**What to work on**. Find the line containing "PEUGEOT 5008 1.2PT GT EAT8" in the entries; transcribe it and all remaining lines through the end, exactly as they appear, but not the pictures.

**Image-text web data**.
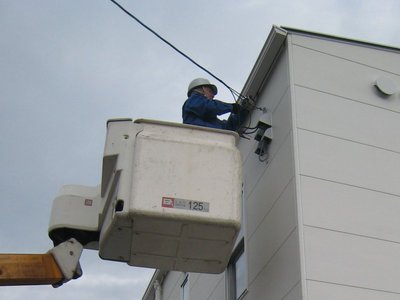 090219-1���ϰ���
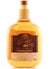 Ypioca Cachaça 160 com Malte 0,7 L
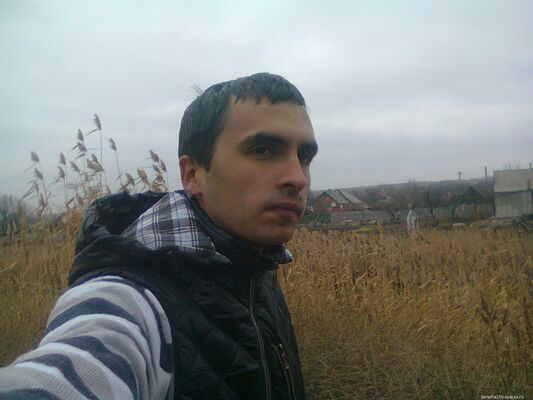  ,   , 33 ,   ,   , c , 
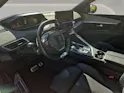 PEUGEOT 5008 1.2PT GT EAT8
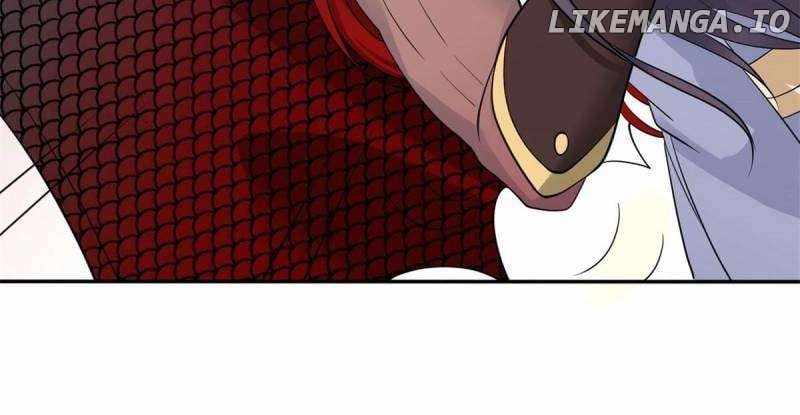 69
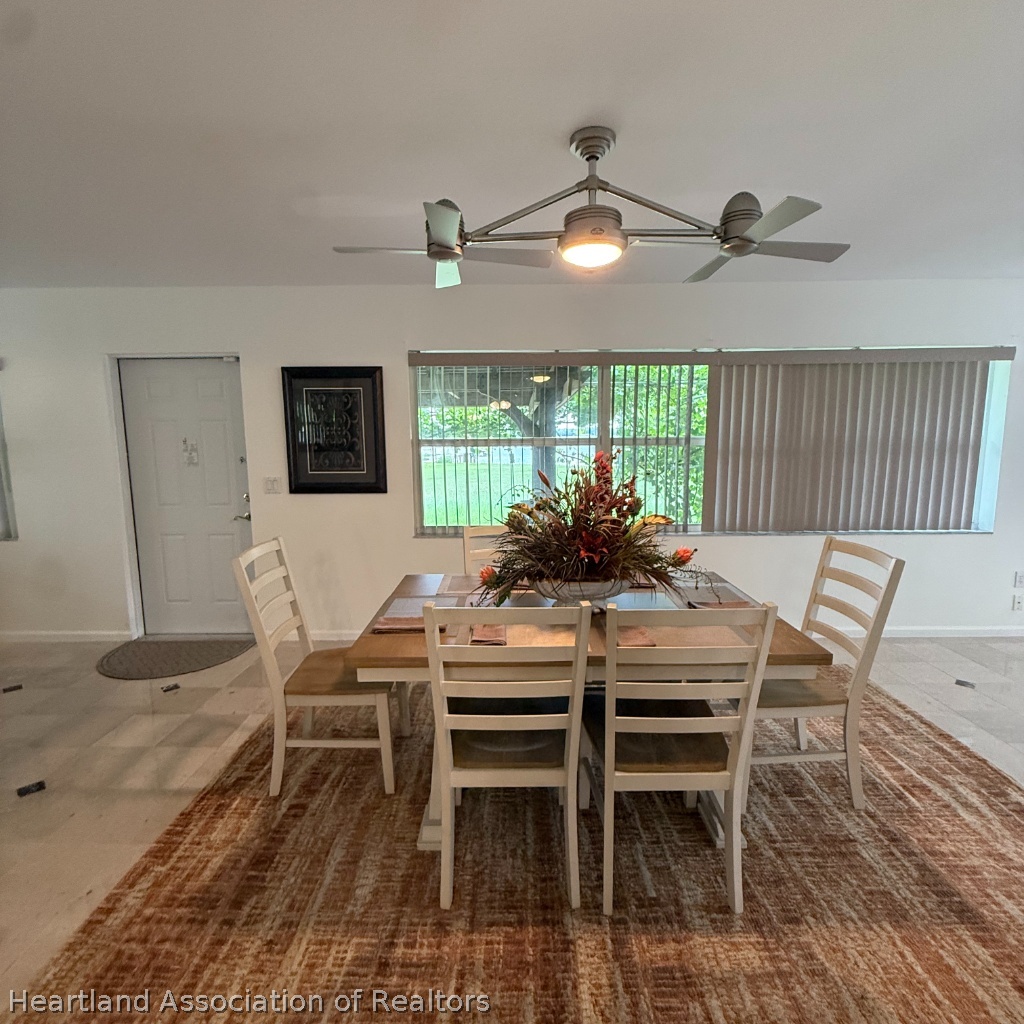 7423 Sparta Road Sebring, FL 33875 - Photo 12 of 32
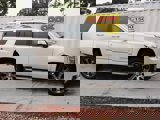 Used 2015 GMC Yukon Denali w/ Touring Package image 5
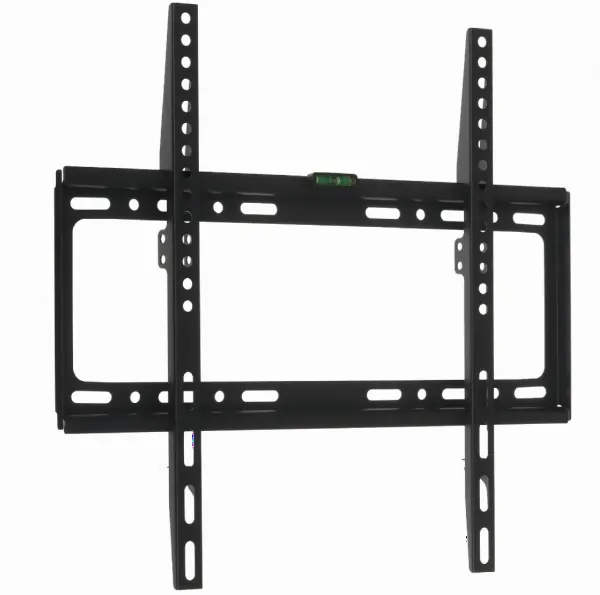 Кронштейн 400x400 ONKRON FME-44B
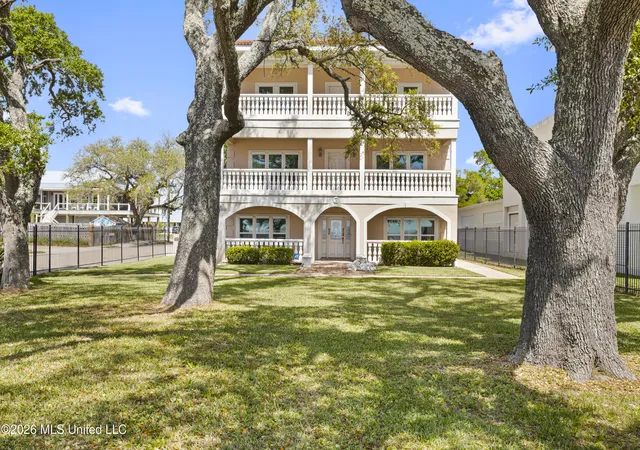 5th image of 1100 E Beach Blvd, Long Beach, MS 39560 | MLS# 4147704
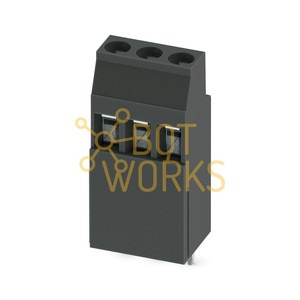 Phoenix Contact 1890031 - Nuovo - Product Image 1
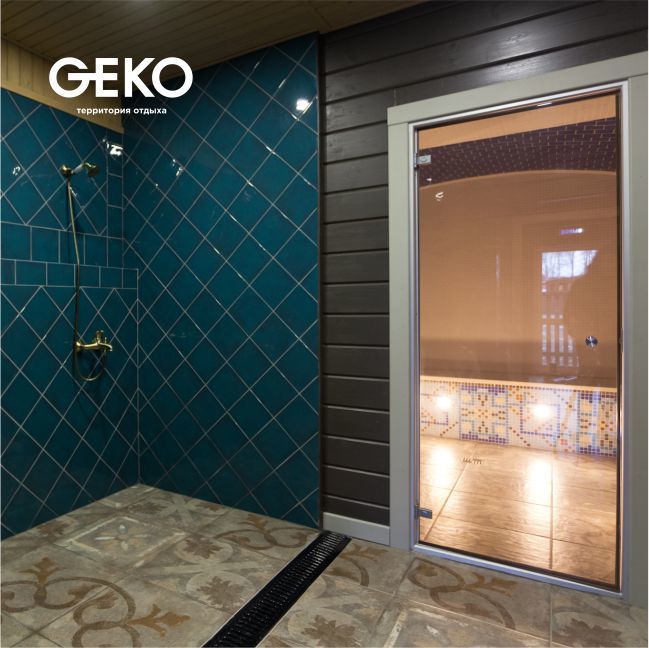 Свадьба, юбилей, корпоратив: соберите близких за городом – там, где есть всё для отдыха 13 Свадьба, юбилей, корпоратив: соберите близких за городом – там, где есть всё для отдыха 13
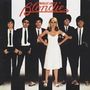Blondie: Parallel Lines, CD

**Result of this exercise**.
 PEUGEOT 5008 1.2PT GT EAT8
 69
 7423 Sparta Road Sebring, FL 33875 - Photo 12 of 32
 Used 2015 GMC Yukon Denali w/ Touring Package image 5
 Кронштейн 400x400 ONKRON FME-44B
 5th image of 1100 E Beach Blvd, Long Beach, MS 39560 | MLS# 4147704
 Phoenix Contact 1890031 - Nuovo - Product Image 1
 Свадьба, юбилей, корпоратив: соберите близких за городом – там, где есть всё для отдыха 13 Свадьба, юбилей, корпоратив: соберите близких за городом – там, где есть всё для отдыха 13
Blondie: Parallel Lines, CD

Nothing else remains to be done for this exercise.